Preferred high molecular weight polymers and resins include
poly(vinylbutyral), cellulose acetate butyrals, poly(methylmethacrylate),
poly(vinyl pyrrolidone), ethyl cellulose, polystyrene, poly(vinyl
chloride), chlorinated rubbers, polyisobutylene, butadiene-styrene
copolymers, vinyl chloride-vinyl acetate copolymers, poly(vinyl alcohols)
and polycarbonates.
The photothermographic materials can contain development modifiers that
function as speed increasing compounds, sensitizing dyes, hardeners,
antistatic layers, plasticizers and lubricants, coating aids, brighteners,
absorbing and filter dyes, and other addenda, such as described in
Research Disclosure, June 1978, Item No. 17029 and Research Disclosure,
December 1978, Item No. 17643.
A photothermographic element, as described, also preferably comprises a
thermal stabilizer to help stabilize the photothermographic element prior
to imagewise exposure and thermal processing. Such a thermal stabilizer
aids improvement of stability of the photothermographic element during
storage. Typical thermal stabilizers are: (a)
2-bromo-2-arylsulfonylacetamides, such as
2-bromo-2-p-tolylsulfonylacetamide; (b) 2-(tribromomethyl
sulfonyl)benzothiazole and (c)
6-substituted-2,4-bis(tribromomethyl)-S-triazine, such as 6-methyl or
6-phenyl-2,4-bis(tribromomethyl)-s-triazine. Heating means known in the
photothermographic art are useful for providing the desired processing
temperature. The heating means is, for example, a simple hot plate, iron,
roller, heated drum, microwave heating means, heated air or the like.

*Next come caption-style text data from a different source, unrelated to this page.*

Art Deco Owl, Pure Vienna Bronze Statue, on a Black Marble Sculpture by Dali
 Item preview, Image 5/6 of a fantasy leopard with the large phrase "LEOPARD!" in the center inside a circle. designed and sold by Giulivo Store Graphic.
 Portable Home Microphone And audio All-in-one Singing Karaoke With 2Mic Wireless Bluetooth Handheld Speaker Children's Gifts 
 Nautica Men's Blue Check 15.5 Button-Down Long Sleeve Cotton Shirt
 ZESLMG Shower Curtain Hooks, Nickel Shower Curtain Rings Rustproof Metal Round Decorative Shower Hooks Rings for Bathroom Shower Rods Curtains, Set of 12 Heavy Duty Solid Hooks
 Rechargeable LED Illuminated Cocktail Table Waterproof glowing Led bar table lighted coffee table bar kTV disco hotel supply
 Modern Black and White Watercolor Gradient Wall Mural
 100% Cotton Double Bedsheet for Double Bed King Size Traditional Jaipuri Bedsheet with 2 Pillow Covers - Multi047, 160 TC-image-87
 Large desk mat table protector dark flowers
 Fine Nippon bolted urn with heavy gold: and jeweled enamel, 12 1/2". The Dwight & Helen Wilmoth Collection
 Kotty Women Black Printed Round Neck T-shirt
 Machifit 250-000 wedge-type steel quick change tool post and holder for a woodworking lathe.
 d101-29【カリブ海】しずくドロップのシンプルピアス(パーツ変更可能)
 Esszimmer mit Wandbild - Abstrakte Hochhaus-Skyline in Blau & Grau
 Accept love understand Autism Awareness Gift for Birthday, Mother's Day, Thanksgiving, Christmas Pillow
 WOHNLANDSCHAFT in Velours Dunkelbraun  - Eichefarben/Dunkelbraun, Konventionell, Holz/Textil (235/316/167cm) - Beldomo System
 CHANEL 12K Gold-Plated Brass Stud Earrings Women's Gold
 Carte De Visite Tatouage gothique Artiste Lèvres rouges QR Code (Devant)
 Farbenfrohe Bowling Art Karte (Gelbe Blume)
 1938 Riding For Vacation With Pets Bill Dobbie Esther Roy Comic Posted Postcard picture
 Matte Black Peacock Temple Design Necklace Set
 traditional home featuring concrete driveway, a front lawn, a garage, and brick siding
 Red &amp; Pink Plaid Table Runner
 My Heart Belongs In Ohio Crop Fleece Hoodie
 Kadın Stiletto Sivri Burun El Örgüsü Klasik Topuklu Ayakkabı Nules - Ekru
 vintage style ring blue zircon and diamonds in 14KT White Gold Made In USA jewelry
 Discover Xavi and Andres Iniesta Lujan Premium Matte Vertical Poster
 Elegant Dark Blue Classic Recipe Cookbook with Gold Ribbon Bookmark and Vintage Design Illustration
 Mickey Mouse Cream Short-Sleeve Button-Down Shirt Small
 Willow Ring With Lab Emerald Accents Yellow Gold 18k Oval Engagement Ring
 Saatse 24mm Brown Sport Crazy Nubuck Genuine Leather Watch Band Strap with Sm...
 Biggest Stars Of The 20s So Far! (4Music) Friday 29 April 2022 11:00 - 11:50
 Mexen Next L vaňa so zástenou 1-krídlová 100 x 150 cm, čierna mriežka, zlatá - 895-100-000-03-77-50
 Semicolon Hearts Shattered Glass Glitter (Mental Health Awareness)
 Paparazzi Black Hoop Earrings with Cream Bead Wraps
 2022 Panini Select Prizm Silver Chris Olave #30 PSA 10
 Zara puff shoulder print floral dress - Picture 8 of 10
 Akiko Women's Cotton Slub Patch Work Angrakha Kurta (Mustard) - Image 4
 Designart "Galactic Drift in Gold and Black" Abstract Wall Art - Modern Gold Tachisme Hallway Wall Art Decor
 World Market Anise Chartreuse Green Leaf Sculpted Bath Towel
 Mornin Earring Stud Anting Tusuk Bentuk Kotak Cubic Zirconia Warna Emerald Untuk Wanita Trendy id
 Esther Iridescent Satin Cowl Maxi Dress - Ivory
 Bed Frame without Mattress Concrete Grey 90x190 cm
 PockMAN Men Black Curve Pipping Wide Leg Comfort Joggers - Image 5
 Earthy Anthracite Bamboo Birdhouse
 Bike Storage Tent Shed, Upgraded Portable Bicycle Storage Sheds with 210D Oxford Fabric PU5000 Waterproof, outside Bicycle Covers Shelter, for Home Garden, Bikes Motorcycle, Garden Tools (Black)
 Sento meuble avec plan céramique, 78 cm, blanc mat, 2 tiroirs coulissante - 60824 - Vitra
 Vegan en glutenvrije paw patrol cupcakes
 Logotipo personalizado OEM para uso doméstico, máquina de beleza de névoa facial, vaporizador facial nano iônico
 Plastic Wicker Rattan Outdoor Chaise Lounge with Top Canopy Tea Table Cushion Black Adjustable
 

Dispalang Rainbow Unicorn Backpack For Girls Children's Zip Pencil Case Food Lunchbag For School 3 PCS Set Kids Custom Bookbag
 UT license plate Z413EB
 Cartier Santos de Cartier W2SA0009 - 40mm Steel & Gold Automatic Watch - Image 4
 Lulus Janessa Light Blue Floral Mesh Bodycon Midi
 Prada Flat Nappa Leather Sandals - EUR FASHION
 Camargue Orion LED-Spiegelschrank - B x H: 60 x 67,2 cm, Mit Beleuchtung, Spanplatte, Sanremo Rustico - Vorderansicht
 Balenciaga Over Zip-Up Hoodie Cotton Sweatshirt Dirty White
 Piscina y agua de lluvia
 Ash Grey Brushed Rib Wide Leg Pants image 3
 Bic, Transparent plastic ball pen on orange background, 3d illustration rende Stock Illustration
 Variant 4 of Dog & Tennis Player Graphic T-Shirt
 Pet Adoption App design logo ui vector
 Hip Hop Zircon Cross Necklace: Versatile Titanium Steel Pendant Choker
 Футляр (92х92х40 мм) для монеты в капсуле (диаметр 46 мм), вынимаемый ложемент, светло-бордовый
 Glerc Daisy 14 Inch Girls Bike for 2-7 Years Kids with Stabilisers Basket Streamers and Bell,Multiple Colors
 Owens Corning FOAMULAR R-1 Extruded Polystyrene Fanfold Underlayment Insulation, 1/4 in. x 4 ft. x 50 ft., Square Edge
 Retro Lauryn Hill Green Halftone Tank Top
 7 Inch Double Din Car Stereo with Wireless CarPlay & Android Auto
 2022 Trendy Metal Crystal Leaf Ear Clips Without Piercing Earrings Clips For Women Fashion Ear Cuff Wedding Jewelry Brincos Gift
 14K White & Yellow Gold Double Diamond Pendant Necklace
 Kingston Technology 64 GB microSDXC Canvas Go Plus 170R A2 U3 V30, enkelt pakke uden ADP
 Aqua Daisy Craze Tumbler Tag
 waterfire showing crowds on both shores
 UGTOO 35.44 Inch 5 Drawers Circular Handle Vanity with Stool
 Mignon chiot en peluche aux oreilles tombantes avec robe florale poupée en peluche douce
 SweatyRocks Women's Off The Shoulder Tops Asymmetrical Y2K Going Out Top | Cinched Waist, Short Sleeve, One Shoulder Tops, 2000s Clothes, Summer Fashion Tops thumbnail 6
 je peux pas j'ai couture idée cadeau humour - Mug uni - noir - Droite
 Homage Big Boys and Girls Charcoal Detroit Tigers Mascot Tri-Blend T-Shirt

Thermal processing is preferably carried out under ambient conditions of
pressure and humidity. Conditions outside normal atmospheric conditions
can be used if desired.
The components of the photothermographic element can be in any location in
the element that provides the desired image. If desired, one or more of
the components of the element can be distributed between two or more of he
layers of the element. For example, in some cases, it s desirable to
include certain percentages of the organic reducing agent, toner,
stabilizer precursor and/or other addenda in an overcoat layer of the
photothermographic element.
It is necessary that the components of the imaging combination be "in
association" with each other in order to produce the desired image. The
term "in association" herein means that in a photothermographic element
the photosensitive silver halide and the image-forming combination are in
a location with respect to each other that enables the desired processing
and produces a useful image.
The photothermographic elements of this invention are typically provided
with an overcoat layer and/or a backing layer, with the overcoat layer
being the outermost layer on the side of the support on which the imaging
layer is coated and the backing layer being the outermost layer on the
opposite side of the support. Other layers which are advantageously
incorporated in photothermographic imaging elements include subbing layers
and barrier layers.
To be fully acceptable, a protective overcoat layer for such imaging
elements should: (a) provide resistance to deformation of the layers of
the element during thermal processing, (b) prevent or reduce loss of
volatile components in the element during thermal processing, (c) reduce
or prevent transfer of essential imaging components from one or more of
the layers of the element into the overcoat layer during manufacture of
the element or during storage of the element prior to imaging and thermal
processing, (d) enable satisfactory adhesion of the overcoat to a
contiguous layer of the element, and (e) be free from cracking and
undesired marking, such as abrasion marking, during manufacture, storage,
and processing of the element.
A backing layer also serves several important functions which improve the
overall performance of photothermographic imaging elements. For example, a
backing layer serves to improve conveyance, reduce static electricity and
eliminate formation of Newton Rings. A particularly preferred overcoat for
photothermographic imaging elements is an overcoat comprising poly(silicic
acid) as described in U.S. Pat. No. 4,741,992, issued May 3, 1988.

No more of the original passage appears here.